First, an explosion of interest in using virtual teaching collaborations and virtual exchange, prompted by the travel restrictions, points to an opportunity to transform the traditional, student mobility-based approach to internationalisation that dominates the region. Virtual methodologies are reprioritising the “internationalisation at home” model, which democratises global learning by providing the means for all students to have access to international and intercultural learning opportunities. This shift is refocusing internationalisation efforts toward the academic enterprise: program design, the curricula, learning outcomes, and research. Universities also see new opportunities to strengthen south-south cooperation and regional networks, and the potential to develop closer academic and institutional ties within the LAC region in search of solutions to shared problems.  Finally, this changing internationalisation landscape is an opportunity to reset the dominant LAC approach to partnerships, replacing the quantity over a quality model with high-value international collaborations that build academic and research capacity and produce impact.


About the Author

Ann Mason

Ann Mason is a senior executive with over 20 years’ experience in international education leadership, US-Latin America academic cooperation and international program development. Ann developed a first-hand understanding of the challenges that universities in the region face in becoming fully integrated into global higher education networks through her tenure as Fulbright Colombia’s Executive Director and Chair of the Political Science Department at the Universidad de los Andes in Bogotá.
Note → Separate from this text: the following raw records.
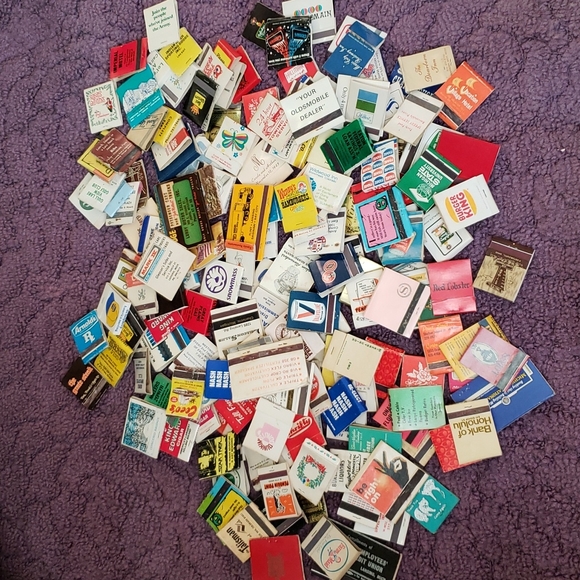 175 matchbooks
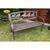 Gardeco Steel Framed Cast Iron Bench With Horses | SKU: BENCH-HORSES | Barcode: 5031599039435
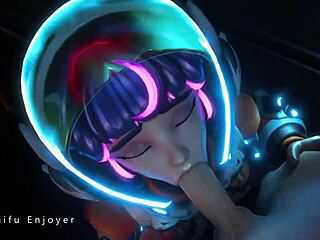 Juno Compilation Features Wild Overwatch 2 Hentai Action in Futanari Game Scenes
She created Mason Education Group in 2015 to advise universities, governments and foundations throughout the Americas on the development of international engagement strategies and programs so that they can more effectively connect with global knowledge networks and enhance their educational and academic services.

Ann plays an active leadership role in international education organisations. She has been elected to NAFSA’s board of directors starting in 2019, and also chaired NAFSA’s Teaching, Learning and Scholarship Knowledge Community and Latin American Forum. She is a member of NASPAA’s (Network of Schools of Public Policy, Affairs, and Administration) Accreditation Standards Steering Committee, and serves on the board of directors of the Universidad del Rosario and the US-Colombia Binational Center, both in Bogota. She was senior advisor to IIE’s International Academic Partnership Program, and a member of the US-Colombia High Level Partnership Dialogue. Ann is also an Associate of the UK-based international education consultancy Barton Carlyle.

Ann currently divides her time between the US and Colombia, where she has lived for 24 years. She received her undergraduate degree from Georgetown University, and holds a PhD in political science from Yale University.